Duisburg/Berlin. Städte klagen über organisierten Missbrauch und Betrug bei Kindergeldzahlungen nach Osteuropa. Und die Regierung tue nichts dagegen.

Sören Link ist ein Mann, der Tacheles redet. Das schätzen die Duisburger an ihrem Oberbürgermeister. Der 42 Jahre alte SPD-Politiker mit der Glatze und der markanten Brille wurde am Tag der Bundestagswahl im September 2017, der für die Bundes-SPD im 20-Prozent-Desaster endete, mit 56 Prozent im ersten Wahlgang wiedergewählt. Ein Grund, warum Link trotz vieler AfD-Erfolge im Ruhrgebiet eine so hohe Glaubwürdigkeit genießt, ist, dass er auch dort hinschaut, wo es in der Gesellschaft brodelt.

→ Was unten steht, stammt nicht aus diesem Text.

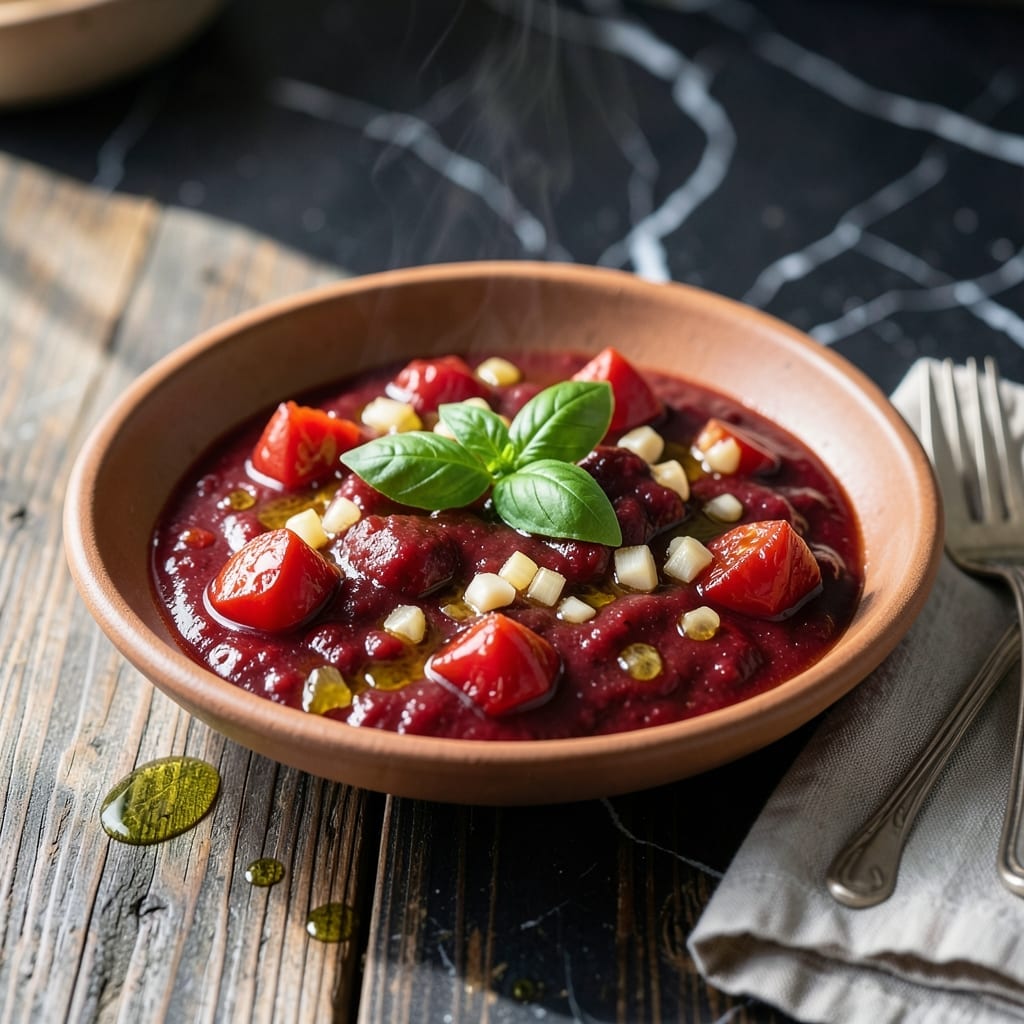 Sauce Arturo Recipe: Authentic Italian Tomato and Basil Blend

Seit Jahren ein großes Thema in Duisburg und in vielen anderen deutschen Städten ist das Geschäft krimineller Schlepper, die gezielt Menschen aus Osteuropa in verwahrloste Stadtteile wie Duisburg-Marxloh lotsen. Dort werden sie in heruntergekommenen Wohnungen untergebracht, damit sie einen Wohnsitz haben und Kindergeld oder Sozialleistungen beantragen können.

Die Behörden decken immer wieder Missbrauch auf, der Schaden geht in die Millionen. Link schlägt nun zum wiederholten Mal Alarm und warnt vor einer gezielten Migration in das deutsche Sozialsystem. Allein in Duisburg lebten rund 19.000 Menschen aus Rumänien und Bulgarien, darunter viele Sinti und Roma.

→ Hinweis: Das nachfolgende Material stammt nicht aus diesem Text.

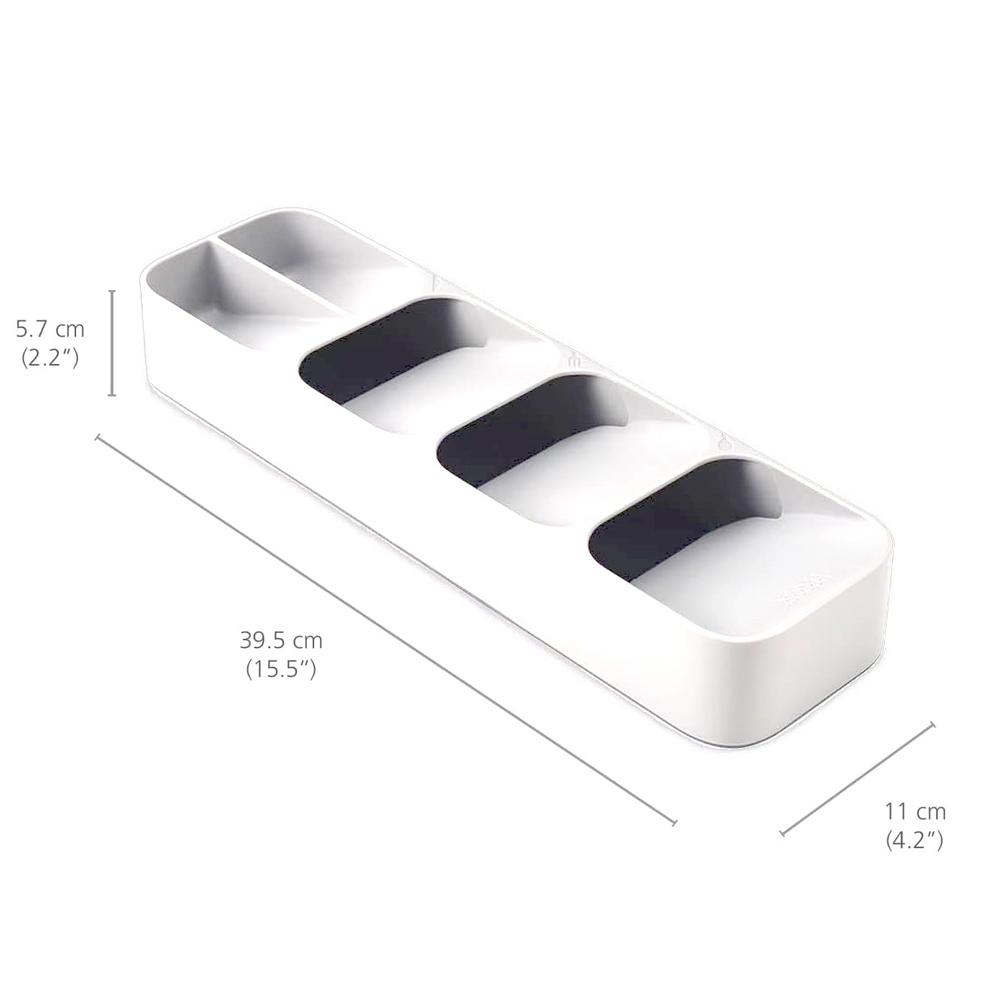 Многоцелевой лоток для хранения столовых приборов, столовые приборы, вилка, ложка, органайзер с отделениями, кухонный ящик, коробки для хранения по категориям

Vor knapp sechs Jahren seien es erst 6000 gewesen. „Die Bundesregierung verschläft dieses Problem, sie muss endlich was dagegen tun, dass es Armutsflüchtlinge in Europa gibt“, sagt Link. Mit den Folgen kämpfen auch Städte wie Fürth, Mannheim, Bremerhaven oder Offenbach.

Wie viel Kindergeld wird ins Ausland überwiesen?

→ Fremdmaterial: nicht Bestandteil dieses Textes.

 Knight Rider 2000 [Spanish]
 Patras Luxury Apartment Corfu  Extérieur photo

Wer in Deutschland gemeldet ist, dessen Kinder aber im Ausland leben, hat Anspruch auf Kindergeld. 2017 zahlte der Bund dafür rund 343 Millionen Euro. Für das erste und zweite Kind gibt es monatlich 194 Euro, für das dritte Kind 200 Euro, für das vierte und jedes weitere Kind 225 Euro. Zum 1. Juli 2019 steigen die Sätze um jeweils 10 Euro. Die Zahl ausländischer Kindergeldempfänger steigt seit Längerem.

„Im Juni 2018 wurde für 268.336 Kinder, die außerhalb von Deutschland in der Europäischen Union oder im Europäischen Wirtschaftsraum leben, Kindergeld gezahlt“, teilte das Bundesfinanzministerium mit. Das ist eine Zunahme um 10,4 Prozent. Ende 2017 lag die Zahl bei 243.234 Empfängern, 2016 bei 232.189. Unter den knapp 270.000 Empfängern waren knapp 19.000 Rumänen, rund 7000 Bulgaren, aber auch rund 31.000 deutsche Staatsbürger, die im Ausland leben.

Insgesamt gab es Ende 2017 knapp 15 Millionen Kinder, an deren Eltern rund 36 Milliarden Euro Kindergeld gezahlt beziehungsweise Kinderfreibeträge angerechnet wurden.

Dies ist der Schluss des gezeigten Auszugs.